> [Exercise details] Please copy out the entries below exactly, beginning with the line that contains "ulkomatto moderni kuvio" and ending with the line that contains "Round Medallion Turquoise", and include nothing outside that span.
- - - - - - -
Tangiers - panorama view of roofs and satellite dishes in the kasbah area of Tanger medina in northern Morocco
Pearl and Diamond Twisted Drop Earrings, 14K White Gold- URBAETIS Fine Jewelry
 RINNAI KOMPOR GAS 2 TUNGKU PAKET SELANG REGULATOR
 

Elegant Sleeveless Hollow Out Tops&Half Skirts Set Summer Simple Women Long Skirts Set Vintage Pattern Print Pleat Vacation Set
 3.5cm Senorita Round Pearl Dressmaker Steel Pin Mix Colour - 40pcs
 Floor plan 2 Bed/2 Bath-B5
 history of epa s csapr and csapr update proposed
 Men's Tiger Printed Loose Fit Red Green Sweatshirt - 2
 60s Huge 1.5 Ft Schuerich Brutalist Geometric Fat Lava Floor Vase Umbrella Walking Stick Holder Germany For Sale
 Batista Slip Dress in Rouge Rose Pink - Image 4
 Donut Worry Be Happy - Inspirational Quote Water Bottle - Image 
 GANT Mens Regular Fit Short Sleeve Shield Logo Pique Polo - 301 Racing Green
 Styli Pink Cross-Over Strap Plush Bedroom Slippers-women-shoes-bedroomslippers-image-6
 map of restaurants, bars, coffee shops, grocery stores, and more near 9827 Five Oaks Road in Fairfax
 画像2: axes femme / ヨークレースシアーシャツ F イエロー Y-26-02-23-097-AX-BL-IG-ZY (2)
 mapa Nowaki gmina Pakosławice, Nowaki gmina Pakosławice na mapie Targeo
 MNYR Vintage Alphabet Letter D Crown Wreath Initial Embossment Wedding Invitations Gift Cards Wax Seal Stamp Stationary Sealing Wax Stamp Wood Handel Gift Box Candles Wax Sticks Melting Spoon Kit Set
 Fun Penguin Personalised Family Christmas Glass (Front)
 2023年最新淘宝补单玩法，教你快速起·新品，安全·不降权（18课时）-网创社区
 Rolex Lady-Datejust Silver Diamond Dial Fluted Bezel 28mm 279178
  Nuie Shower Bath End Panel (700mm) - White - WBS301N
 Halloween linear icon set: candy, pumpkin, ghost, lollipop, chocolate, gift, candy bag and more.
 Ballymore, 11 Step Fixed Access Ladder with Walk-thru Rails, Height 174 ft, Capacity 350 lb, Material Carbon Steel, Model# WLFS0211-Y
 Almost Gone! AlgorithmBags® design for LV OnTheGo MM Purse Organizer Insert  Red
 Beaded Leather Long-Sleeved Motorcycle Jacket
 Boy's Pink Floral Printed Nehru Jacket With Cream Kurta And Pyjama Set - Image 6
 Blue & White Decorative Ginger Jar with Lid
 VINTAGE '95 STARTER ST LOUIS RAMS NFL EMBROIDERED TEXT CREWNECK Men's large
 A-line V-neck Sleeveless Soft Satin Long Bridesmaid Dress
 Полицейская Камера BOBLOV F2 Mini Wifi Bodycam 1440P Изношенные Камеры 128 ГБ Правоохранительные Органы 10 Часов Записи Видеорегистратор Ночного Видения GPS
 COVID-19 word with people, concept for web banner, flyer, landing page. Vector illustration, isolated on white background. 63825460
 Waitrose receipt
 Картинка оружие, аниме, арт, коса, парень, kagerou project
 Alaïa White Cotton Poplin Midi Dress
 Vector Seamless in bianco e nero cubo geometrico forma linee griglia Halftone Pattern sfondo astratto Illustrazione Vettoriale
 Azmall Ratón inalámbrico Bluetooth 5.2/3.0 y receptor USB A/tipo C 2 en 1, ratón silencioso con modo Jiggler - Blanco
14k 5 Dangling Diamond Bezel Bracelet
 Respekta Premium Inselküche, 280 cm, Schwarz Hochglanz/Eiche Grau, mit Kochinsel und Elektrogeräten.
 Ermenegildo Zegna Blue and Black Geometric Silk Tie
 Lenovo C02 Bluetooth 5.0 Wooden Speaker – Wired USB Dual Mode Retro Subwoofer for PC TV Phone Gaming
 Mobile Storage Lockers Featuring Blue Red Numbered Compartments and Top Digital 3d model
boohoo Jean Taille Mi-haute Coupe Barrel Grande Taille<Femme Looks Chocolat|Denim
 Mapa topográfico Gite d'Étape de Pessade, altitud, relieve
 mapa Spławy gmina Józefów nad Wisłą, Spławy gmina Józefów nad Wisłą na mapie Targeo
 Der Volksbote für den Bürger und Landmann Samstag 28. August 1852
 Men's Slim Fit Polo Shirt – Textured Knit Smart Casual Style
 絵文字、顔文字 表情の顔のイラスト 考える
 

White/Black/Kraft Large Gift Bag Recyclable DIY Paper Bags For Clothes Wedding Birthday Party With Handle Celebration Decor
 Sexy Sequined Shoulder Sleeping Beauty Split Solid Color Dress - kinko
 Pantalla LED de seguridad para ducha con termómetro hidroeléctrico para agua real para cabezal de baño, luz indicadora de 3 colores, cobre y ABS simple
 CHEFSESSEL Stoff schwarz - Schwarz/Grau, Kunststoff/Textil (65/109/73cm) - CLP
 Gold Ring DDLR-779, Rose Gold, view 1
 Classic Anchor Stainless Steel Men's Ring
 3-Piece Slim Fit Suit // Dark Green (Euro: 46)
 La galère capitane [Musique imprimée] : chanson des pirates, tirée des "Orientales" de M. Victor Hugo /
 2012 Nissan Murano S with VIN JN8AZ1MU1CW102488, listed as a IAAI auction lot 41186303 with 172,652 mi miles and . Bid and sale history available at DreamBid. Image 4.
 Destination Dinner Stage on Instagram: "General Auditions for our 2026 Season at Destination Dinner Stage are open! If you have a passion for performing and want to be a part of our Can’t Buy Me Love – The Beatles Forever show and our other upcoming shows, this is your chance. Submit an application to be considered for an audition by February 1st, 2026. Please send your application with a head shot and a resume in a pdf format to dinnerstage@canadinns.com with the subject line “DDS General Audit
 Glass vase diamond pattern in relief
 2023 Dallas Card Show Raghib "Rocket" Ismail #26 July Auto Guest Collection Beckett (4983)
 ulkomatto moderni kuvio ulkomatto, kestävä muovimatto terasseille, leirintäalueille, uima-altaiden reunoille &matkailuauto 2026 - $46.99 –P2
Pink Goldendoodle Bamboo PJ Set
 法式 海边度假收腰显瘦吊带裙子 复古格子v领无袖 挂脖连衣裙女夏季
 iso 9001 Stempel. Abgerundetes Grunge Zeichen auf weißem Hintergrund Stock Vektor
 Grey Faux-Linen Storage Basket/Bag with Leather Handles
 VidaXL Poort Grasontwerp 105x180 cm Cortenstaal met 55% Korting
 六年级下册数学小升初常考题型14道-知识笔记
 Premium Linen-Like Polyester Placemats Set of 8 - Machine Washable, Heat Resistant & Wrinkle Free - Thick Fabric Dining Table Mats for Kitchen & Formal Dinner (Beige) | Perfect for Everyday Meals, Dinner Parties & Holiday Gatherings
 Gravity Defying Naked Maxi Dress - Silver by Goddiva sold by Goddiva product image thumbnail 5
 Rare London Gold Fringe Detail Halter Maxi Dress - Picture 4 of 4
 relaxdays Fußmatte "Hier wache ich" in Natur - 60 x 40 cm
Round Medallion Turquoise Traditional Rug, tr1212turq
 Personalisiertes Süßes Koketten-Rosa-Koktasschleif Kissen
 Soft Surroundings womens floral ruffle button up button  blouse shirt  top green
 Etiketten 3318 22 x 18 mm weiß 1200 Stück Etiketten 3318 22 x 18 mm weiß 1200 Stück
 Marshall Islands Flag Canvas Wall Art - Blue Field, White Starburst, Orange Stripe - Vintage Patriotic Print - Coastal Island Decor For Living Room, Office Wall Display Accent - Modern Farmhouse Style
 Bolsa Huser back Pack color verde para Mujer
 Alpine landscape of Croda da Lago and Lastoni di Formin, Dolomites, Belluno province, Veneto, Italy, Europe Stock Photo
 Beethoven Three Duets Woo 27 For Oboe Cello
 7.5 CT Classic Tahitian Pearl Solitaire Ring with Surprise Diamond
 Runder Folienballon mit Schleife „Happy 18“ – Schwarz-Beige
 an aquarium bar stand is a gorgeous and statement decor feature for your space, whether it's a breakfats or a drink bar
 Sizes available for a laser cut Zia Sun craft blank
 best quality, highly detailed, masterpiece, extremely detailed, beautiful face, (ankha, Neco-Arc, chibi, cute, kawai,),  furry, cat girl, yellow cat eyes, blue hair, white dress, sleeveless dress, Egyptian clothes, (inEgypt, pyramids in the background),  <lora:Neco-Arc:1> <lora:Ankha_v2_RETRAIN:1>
- - - - - - -
> [Answer space]
 ulkomatto moderni kuvio ulkomatto, kestävä muovimatto terasseille, leirintäalueille, uima-altaiden reunoille &matkailuauto 2026 - $46.99 –P2
Pink Goldendoodle Bamboo PJ Set
 法式 海边度假收腰显瘦吊带裙子 复古格子v领无袖 挂脖连衣裙女夏季
 iso 9001 Stempel. Abgerundetes Grunge Zeichen auf weißem Hintergrund Stock Vektor
 Grey Faux-Linen Storage Basket/Bag with Leather Handles
 VidaXL Poort Grasontwerp 105x180 cm Cortenstaal met 55% Korting
 六年级下册数学小升初常考题型14道-知识笔记
 Premium Linen-Like Polyester Placemats Set of 8 - Machine Washable, Heat Resistant & Wrinkle Free - Thick Fabric Dining Table Mats for Kitchen & Formal Dinner (Beige) | Perfect for Everyday Meals, Dinner Parties & Holiday Gatherings
 Gravity Defying Naked Maxi Dress - Silver by Goddiva sold by Goddiva product image thumbnail 5
 Rare London Gold Fringe Detail Halter Maxi Dress - Picture 4 of 4
 relaxdays Fußmatte "Hier wache ich" in Natur - 60 x 40 cm
Round Medallion Turquoise Traditional Rug, tr1212turq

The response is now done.